Dive Brief:
- Data security typically falls to the IT department, but with the rise in internally driven data theft and breaches, IT and HR need to get their heads together to create a truly effective data security front, according to CSO.
- One example mentioned by CSO is the breach the Federal Deposit Insurance Corporation (FDIC) experienced when an employee leaving the organization mistakenly downloaded 44,000 customer records, including personally identifiable information (PII), to a USB thumb drive.
- Also, CSO writer Taylor Armstrong cites a Wall Street Journal article that reported the FDIC has reported seven such breaches within the past eight months – each one done by departing employees, potentially compromising the PII of 160,000 Americans.
Dive Insight:
Whether or not more collaboration between IT and HR would have stopped the FDIC and other incidents is not clear, but Joseph Loomis, founder and CEO of CyberSponse, told CSO that it is, “always good practice to have a strong connection between IT and HR.”
Tracking employees' comings and goings falls to HR, he said, adding that “Anytime there is human behavior involved, HR should also be involved."
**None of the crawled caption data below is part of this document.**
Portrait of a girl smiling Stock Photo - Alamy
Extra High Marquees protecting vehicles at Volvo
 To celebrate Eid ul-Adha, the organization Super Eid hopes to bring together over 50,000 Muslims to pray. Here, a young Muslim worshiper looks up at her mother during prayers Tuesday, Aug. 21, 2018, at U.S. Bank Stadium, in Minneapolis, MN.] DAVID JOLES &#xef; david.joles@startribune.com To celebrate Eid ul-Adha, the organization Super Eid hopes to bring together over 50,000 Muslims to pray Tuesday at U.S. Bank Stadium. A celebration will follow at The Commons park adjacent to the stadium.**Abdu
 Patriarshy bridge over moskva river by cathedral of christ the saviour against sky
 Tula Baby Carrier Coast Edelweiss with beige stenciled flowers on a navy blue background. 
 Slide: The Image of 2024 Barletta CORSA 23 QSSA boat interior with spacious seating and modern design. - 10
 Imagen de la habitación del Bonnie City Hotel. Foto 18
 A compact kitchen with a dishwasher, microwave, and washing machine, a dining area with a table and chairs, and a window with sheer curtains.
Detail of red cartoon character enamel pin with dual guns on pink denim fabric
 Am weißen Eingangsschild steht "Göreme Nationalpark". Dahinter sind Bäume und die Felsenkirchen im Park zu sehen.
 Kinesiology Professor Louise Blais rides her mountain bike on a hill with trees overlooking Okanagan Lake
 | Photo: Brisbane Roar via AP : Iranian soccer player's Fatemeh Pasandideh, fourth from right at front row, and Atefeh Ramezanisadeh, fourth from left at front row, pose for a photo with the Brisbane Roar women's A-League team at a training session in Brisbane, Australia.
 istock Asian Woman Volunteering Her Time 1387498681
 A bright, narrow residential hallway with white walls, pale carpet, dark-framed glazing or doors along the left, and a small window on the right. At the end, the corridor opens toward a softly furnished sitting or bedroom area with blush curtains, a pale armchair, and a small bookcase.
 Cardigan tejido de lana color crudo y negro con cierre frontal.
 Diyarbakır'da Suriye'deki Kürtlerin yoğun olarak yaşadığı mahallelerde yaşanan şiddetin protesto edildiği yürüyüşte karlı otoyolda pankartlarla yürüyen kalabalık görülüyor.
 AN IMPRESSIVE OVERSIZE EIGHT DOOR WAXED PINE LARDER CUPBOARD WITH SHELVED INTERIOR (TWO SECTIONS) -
Charles Choe, product marketing manager for Guidance Software, told CSO that HR must notify IT when employees are leaving, no matter what the circumstances, so those employees can be closely monitored. “It is also HR’s responsibility to properly educate employees that any work produced during employment legally belongs to the organization, and not the individual, at least in the United States,” Choe told CSO.